Animal Rights Advocacy Is a Growing Field
Marissa Nuncio is passionate about your pet.
"Fighting for animal rights is as important as fighting for other social justice issues," said Nuncio, a second-year student at Loyola Law School in Los Angeles. "It's literally fighting for the underdog."
Nuncio and two of her like-minded classmates were preparing for a trip to Boston this weekend, where they will debate animal rights issues in a national moot court competition.
The event is the second of its kind held at Harvard Law School and reflects growing interest nationally in animal rights advocacy.
"The upcoming generation of lawyers takes this field seriously," said Sherri Woo, a second-year Loyola Law School student who volunteers for the Los Angeles city attorney's animal protection unit. "It shows that [animal rights] is growing and expanding and on its way to becoming an established area of law."
Topics of interest include animal testing for medical and cosmetic research, regulation of factory farms and veterinary malpractice.
Practitioners also see growth as traditional areas of the law expand to accommodate litigation involving pets, such as prohibitions on cruelty to animals, and pet owners who write pets into their wills and expect compensation in the event of injury or death of their animals.
In the last year, Loyola Law School, Chapman University School of Law and Massachusetts School of Law began offering an animal law course after students petitioned for it.
Of the more than 30 law schools that now offer a course in animal law, said professor William A. Reppy Jr. of Duke University School of Law, five benefited from grants from the Bob Barker Endowment Fund for the Study of Animal Rights Law.

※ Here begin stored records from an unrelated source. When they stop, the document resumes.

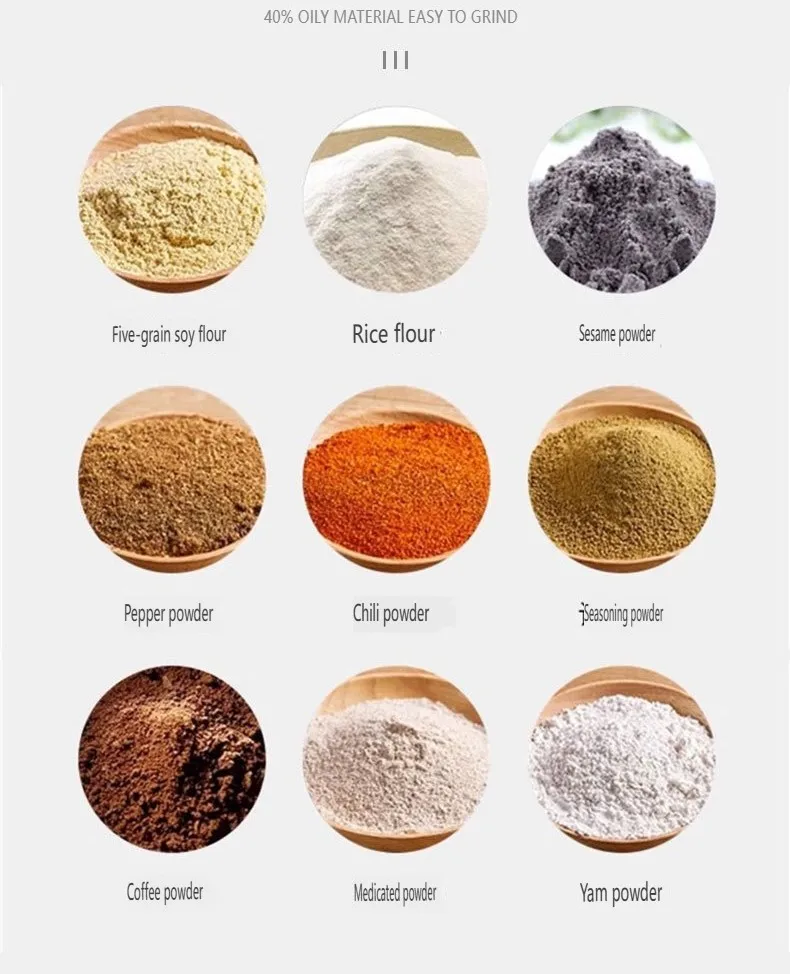 Pulverizer Flour food Spice grain coffee bean set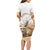 Fennec Fox Algeria Long Sleeve Bodycon Dress Algerian Sahara - Wonder Print Shop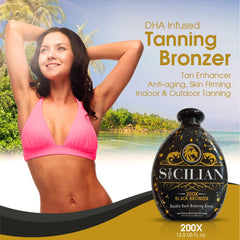 Close-up texture of The Sicilian 200X Dark Bronzer cream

Barker has donated $4 million to UCLA School of Law, Duke University School of Law, Columbia Law School and Stanford Law School.
"My whole object is to make it a better world for animals," said Barker, the longtime host of "The Price is Right." "To improve life for animals, we must have more stringent laws to protect them and more effectively enforce the laws already on the books."
With the $1-million Barker endowment that Duke received in December, the law school will offer an animal law course and add an animal law clinic, allowing students to work on real cases, next January.
Students "love to get the practical experience," Reppy said. "They can go into court. It's the real world as opposed to the academic world."